Toshiba has revealed which of its desktop-type drives use SMR (shingled magnetic recording) technology, with its potential for slower performance due to continuous random writes.
Some users have complained that desktop SMR drives can exhibit poor performance in certain instances, such as loading a large gaming application composed of a large number of files.
This is because when a file is read, the operating system’s access time metadata is updated and written back to the drive.
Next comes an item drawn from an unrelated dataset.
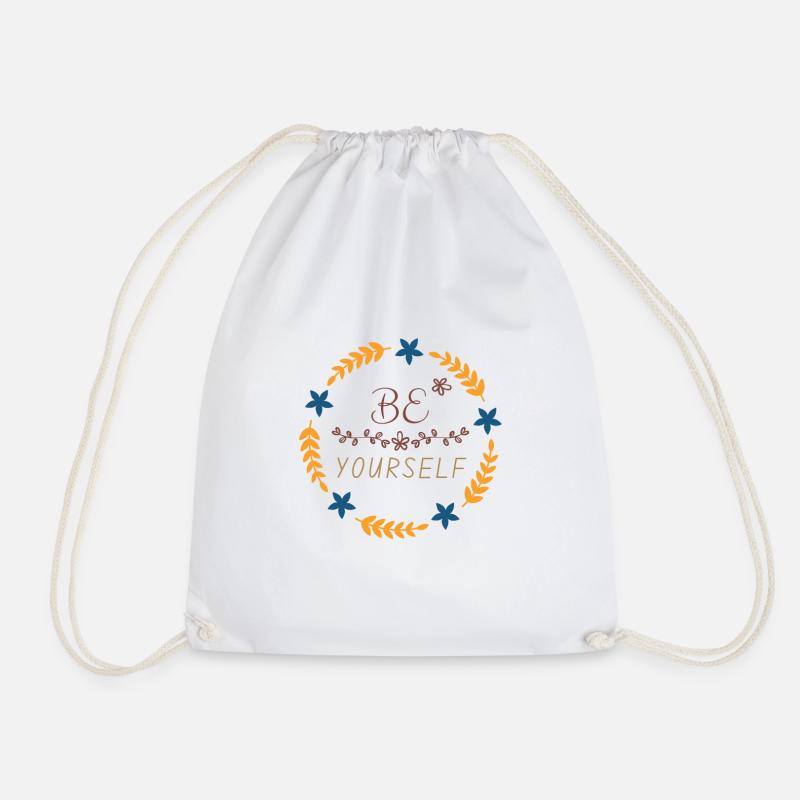 Be Yourself - Drawstring Bag - white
Such access time collection and storage is a default element of file metadata in Windows and MacOS. Continuous access time updates in the OS are random disk writes and so fall into the SMR performance vulnerability zone.
Toshiba uses SMR technology – previously undocumented – in several desktop drives and in some video surveillance HDDs: P300 6TB, P300 4TB, DT02 6TB, DT02 4TB, DT02-V 6TB and DT02-V 4TB.
Certain notebook PC, game consoles, and external consumer drives also use SMR: L200 2TB, L200 1TB, MQ04 2TB and MQ04 1TB.
Toshiba said it “works extensively with notebook and desktop PC vendors on the selection of the appropriate storage media to help ensure the data integrity, reliability and planned lifetime requirements of the system”.
The company does not use SMR in the N300, a NAS drive intended for the consumer market – unlike Western Digital which uses SMR in some low-end WD Red NAS devices.